There is an axiom that states that 80% of a Data Scientist's time is spent acquiring, cleaning and preparing data. I believe this Forbes article and the survey cited in the article, is the main source of this propagated rule of thumb. I am not a Data Scientist and this is not a Machine Learning project but given my experience with working with data, the 80% rule seems plausible and in some cases, like this project, the data acquisition and cleaning stage is more like 90-95% of the entire project.
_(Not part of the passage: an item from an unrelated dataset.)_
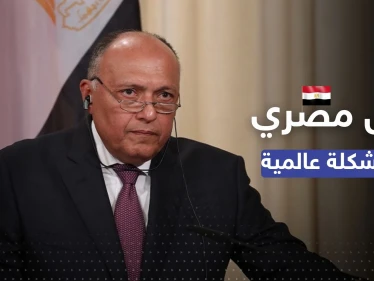مبادرة مهمة من مصر لافتتاح مركز حبوب عالمي قد يحلّ مشكلة تؤرّق العالم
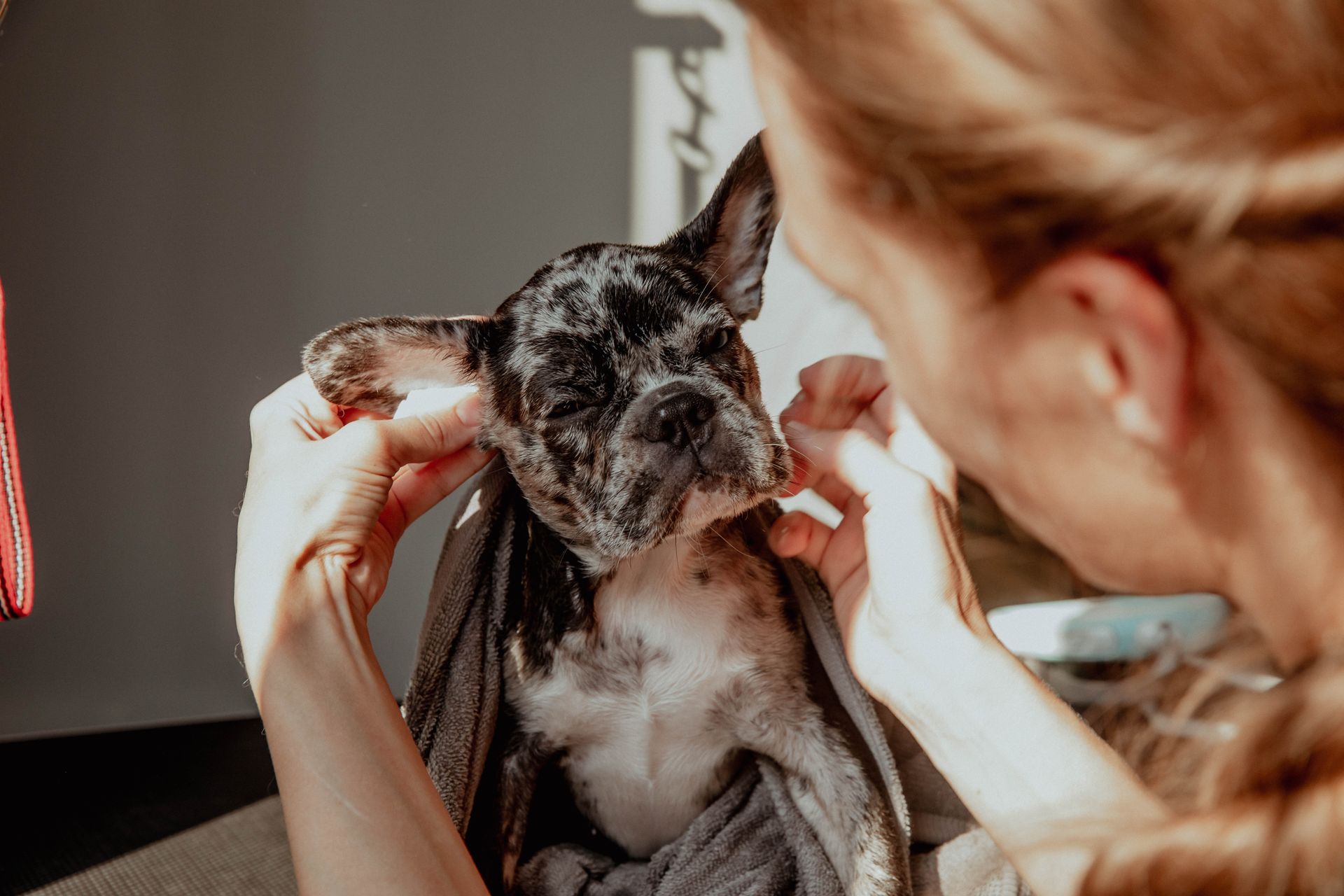 A woman is holding a small dog wrapped in a blanket.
It is clear to see that, after 4 blog posts and many lines of code, that acquiring, parsing and joining data can certainly consume the majority of your time when working on a data project. Data preparation is loathed by some and is sometimes, kind of pejoratively, referred to as "janitorial work" (not that there is anything wrong with janitors. I think humans are decades away from producing a robot that can adequately clean a public restroom). However, I have encountered some profoundly complex and thought provoking challenges when working through the aforementioned "janitorial" data preparation stage (my previous 4 blog posts in particular!) and I feel that I have become a better programmer and data analyst for solving these data preparation problems.
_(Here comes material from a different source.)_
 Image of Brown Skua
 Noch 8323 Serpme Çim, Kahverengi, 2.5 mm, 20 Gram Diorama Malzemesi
[2]Is it worth creating a scraper in the real world? I guess it depends on the time it takes, the quantity and quality of the data and what it is used for.
[3]For the curious, here is a cool article by Chaim Gluck from 2017, written for Towards Data Science, that measures the speed for different methods of converting financial data of type string to usable numbers like floats.
[4]
  • plt.style.use: This method simply chooses an aesthetic palette for the graph.
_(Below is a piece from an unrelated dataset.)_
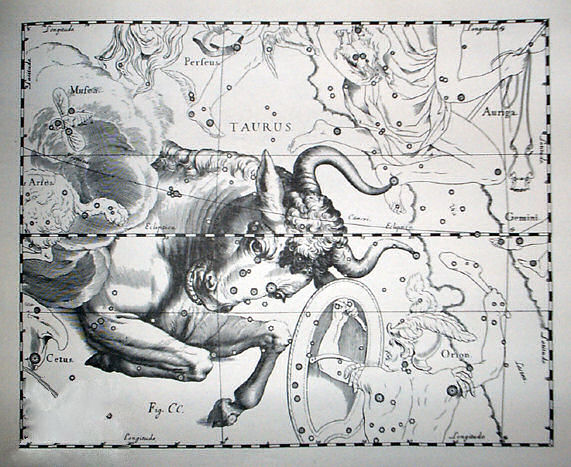 Taurus by Johannes Hevelius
  • plt.figure: Creates the figure object that the graph will be constructed on.
  • fig.add_subplot: Creates a subplot, assigned to the variable ax1, to the blank figure object. 111 just means that the subplot is a 1 x 1 (one row, one column) blank plot and is the first (and only) plot. The 111's make less sense when plotting one plot but make sense when constructing a 2 x 2 graph (four empty boxes) and selecting 3, the third box out of the four to edit.
  • ax1.bar: Method to use Matplotlib's bar chart.
  • plt.xticks: Allows customization of the X-axis tick marks and labels.
  • ax1.set_ylim: Configures the limits for the Y-axis.
  • plt.ylabel: The Y-axis label such as number of objects.
  • plt.text: Add text to plot.
  • plt.title: Add title to plot.
  • ax1.set_facecolor: Sets the facecolor to the axes (subplot).
  • ax1.grid: Configures the plot's grid lines.
  • ax1.set_axisbelow: Passing True to the function will set the grid lines and tick marks in the background (behind the bar figures in the graph).
  • ax1.get_yaxis.set_major_formatter(plt.FuncFormatter(lambda x, loc: "{:,}".format(int(x)))): Selects the y axis with get_yaxis, formats the major ticker on the y-axis with set_major_formatter, utilizes plt.FuncFormatter formatting function which then utilizes a lambda function. See more ticker formatting at Program Creek. The lambda function uses Python's string formatting syntax.